What you are asked to do: Pictures excluded, output the lines of the data below between the one holding "Click on the" and the one holding "Now wait for", inclusive, exactly as they stand.

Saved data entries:
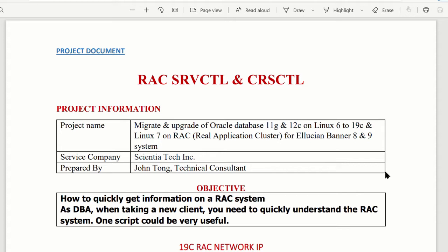In today's video I'm going to share my experience. If I'm new to a company or consulting for a company, I have to take care of the RAC system. When you're a consultant or senior DBA, people expect you are the expert. But you have no documentation, you talk to the manager who is usually not a technical person, so you have to quickly catch up on what RAC system they are running and how to deal with it.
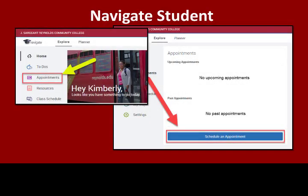Click on the Appointments Calendar icon. An Appointments window will pop up where you can view any upcoming or previous appointments. Next, click the blue Schedule an Appointment icon to make a new appointment.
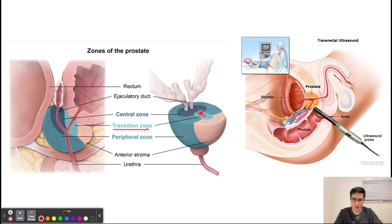About 10 percent of prostate cancers arise from the transition zone. The central zone is the final zone of the prostate, and as you can see, it encompasses the ejaculatory duct. It is very rare for a cancer to arise from the central zone.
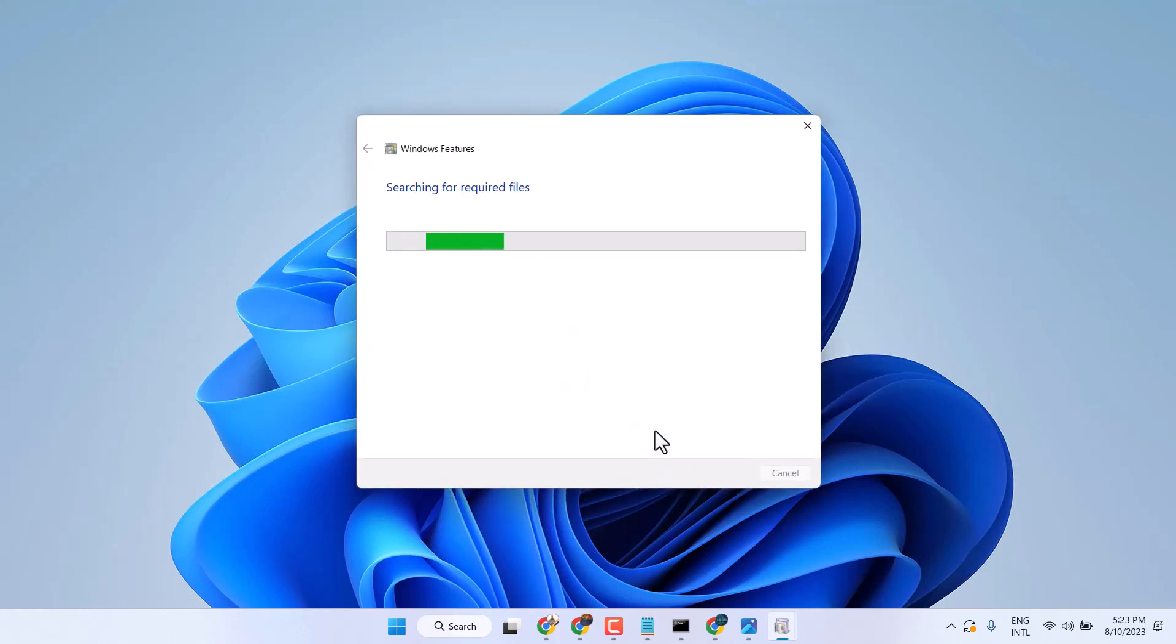Now wait for a few seconds till this process completes and once this completes, restart your system.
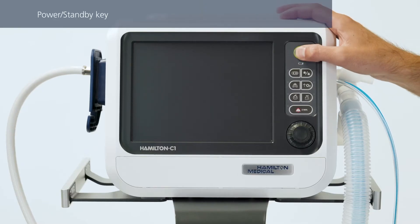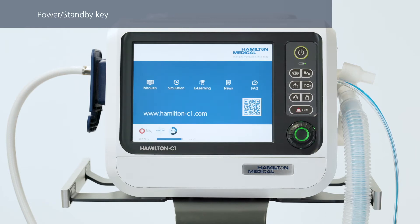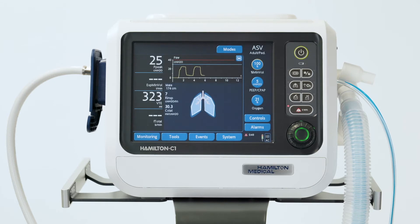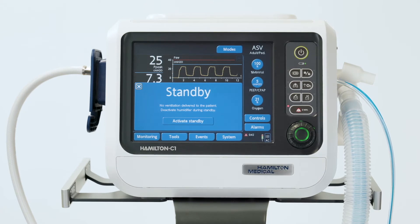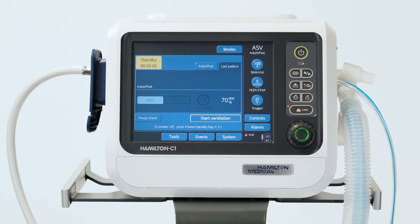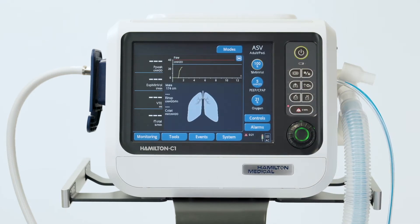Let's start with the power standby key, which is what you use to turn on the ventilator. You can use the same key during active ventilation to stop ventilation. Just press the power standby key and when the pre-standby window opens, touch the activate standby button. Ventilation stops. To resume mechanical ventilation with all the previous settings, just press the power standby key again or touch the start ventilation button.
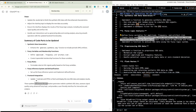Step two: define fuzzy variables — amplitude, frequency, and artifact risk — and create trapezoidal membership functions for each. Amplitude should be categorized as low, medium, and high; frequency as slow, moderate, and fast; artifact risk as low, moderate, and high. Step three: implement fuzzy rules that combine these variables to produce an assessment of signal quality.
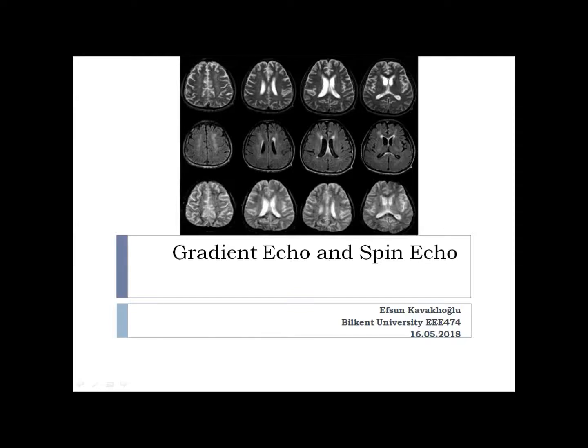Hello, I'm Efsun Kavak-Lolu, and today I'm going to be presenting my term project for Foundations of Magnetic Resonance Imaging course. My topic is Gradient Echo and Spin Echo.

Solution for this problem:
Click on the Appointments Calendar icon. An Appointments window will pop up where you can view any upcoming or previous appointments. Next, click the blue Schedule an Appointment icon to make a new appointment.
About 10 percent of prostate cancers arise from the transition zone. The central zone is the final zone of the prostate, and as you can see, it encompasses the ejaculatory duct. It is very rare for a cancer to arise from the central zone.
Now wait for a few seconds till this process completes and once this completes, restart your system.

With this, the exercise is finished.